Mr Massie then comes up with his final chunk of conventional wisdom: ‘Nor, in any case, is the cost of the War on Drugs confined to this country. It is a war that has helped claim thousands of lives overseas, especially in countries such as Mexico and Colombia. Prohibition is not the only cause of the horrific drug-spawned violence in those countries but it is a serious contributing factor.’
Is it? Why?
Surely the principal factor is that the Pounds, Dollars and Euros of selfish rich kids in the cities of the First World finance a huge and lucrative industry in the Third World in which criminals have inevitably intervened ( as they intervene in this country in the legal alcohol and tobacco industries)? But why is it there at all for them to intervene in?

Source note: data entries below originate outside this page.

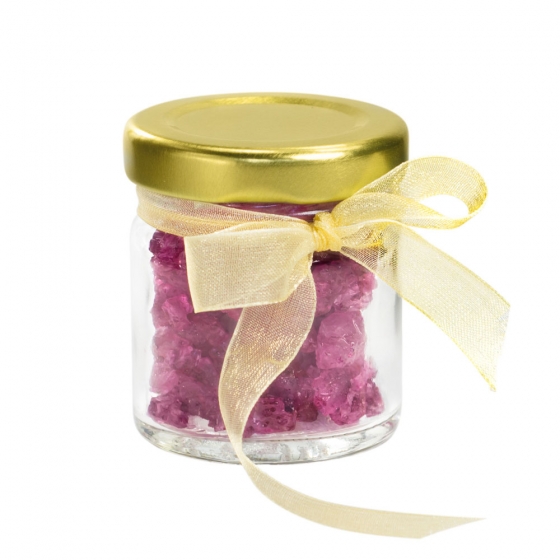 Magentalila színű tortadíszítő kristály csavaros üvegben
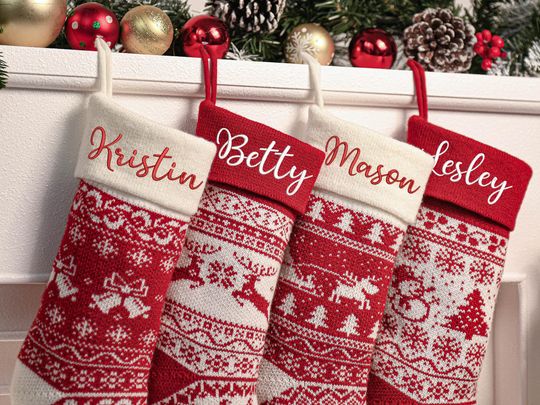 2025 Embroidered Christmas Stockings,Custom Stockings with Name,Monogram Stockings,Knitted Stockings,Holiday gift,Christmas Family Gifts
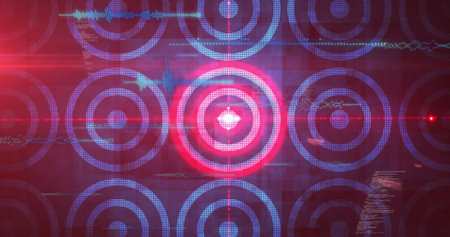 Rendering red target circle crosshair in HUD showing blue dots data overlays and flares. Futuristic, digital, technology, data, visualization, interface, abstractの写真素材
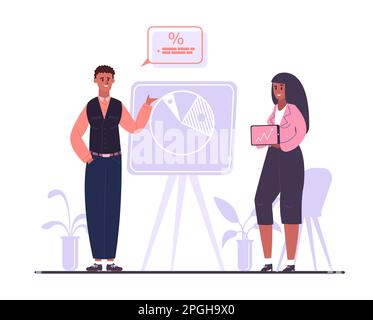 Untitled-Office Workers. Les employés hommes et femmes ayant une présentation sur le tableau de conférence. Collègues discutant du diagramme Illustration de Vecteur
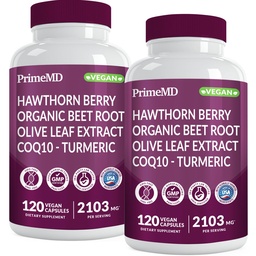 26-in-1 Nitric Oxide Supplements for Men & Women 2103mg - Beet Root Capsules with CoQ10, Blood Pressure Supplements with Hawthorn Berry, Turmeric & Garlic - Heart Health Supplements (240 Count)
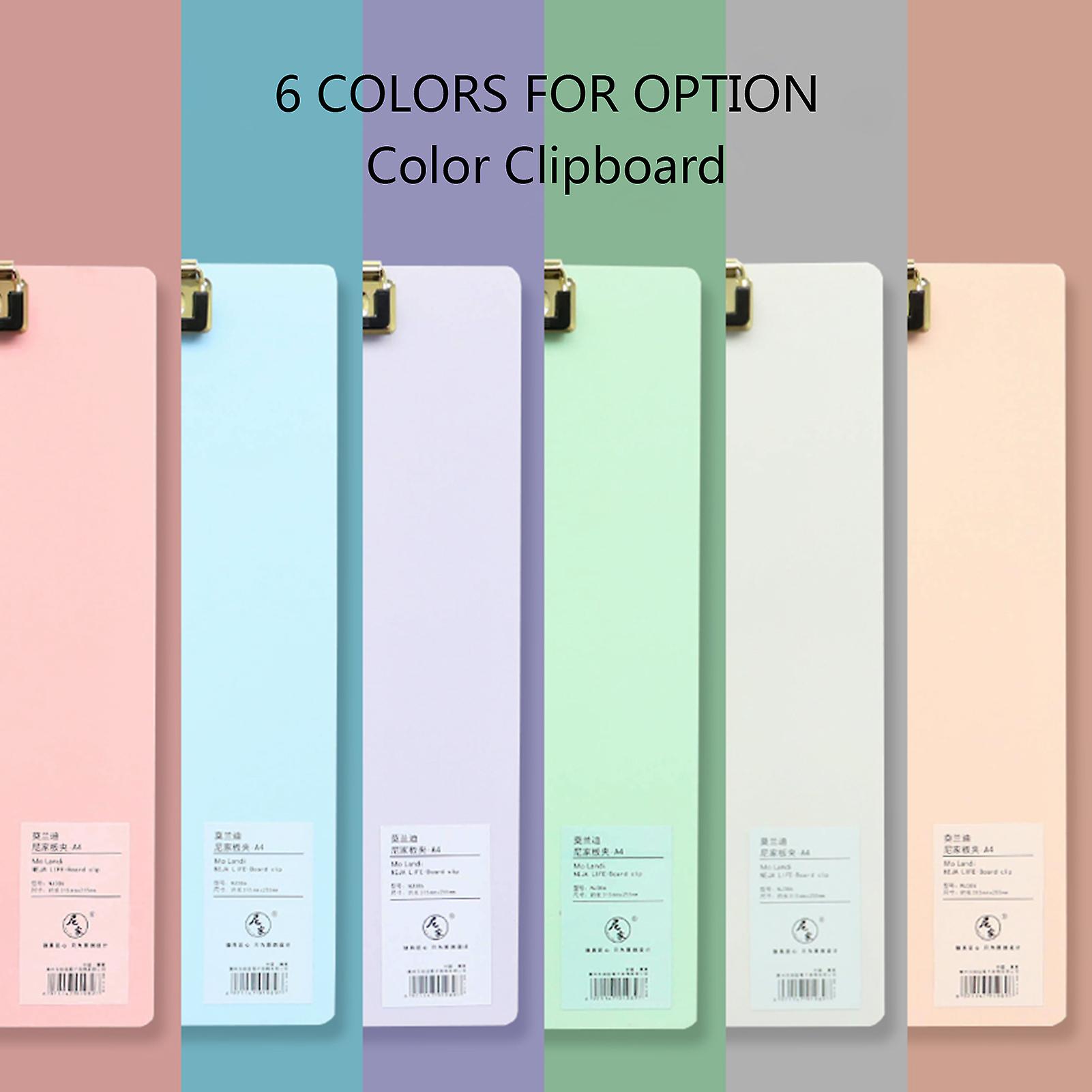 A4 Plastic Clipboard Hardboard Writing Pad Profile Clip With Hanging Hole For Students School Office Blue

Until the people of the western nations embarked on their demoralised rush for chemical pleasure, there was no such problem. If stupid, selfish, complacent, self-indulgent chasers after ‘escapism and the pleasures of losing oneself in a different, kinder, better world’ did not feed this monster, it would die. *They*, smug and self-righteous as they so often are, sneering about ‘victimless crimes’ and how ‘I have a right to put what I like in my own body and do what I like with my own body’, *they* are the Mr Big who stands behind the drug trade. How funny that people who drink FairTrade coffee and boycott stores that buy from sweatshops happily give their cash to the most sordid, exploitative industry of all, casually to risk the happiness of those who love them – and then have the nerve to blame the law for the evil they do.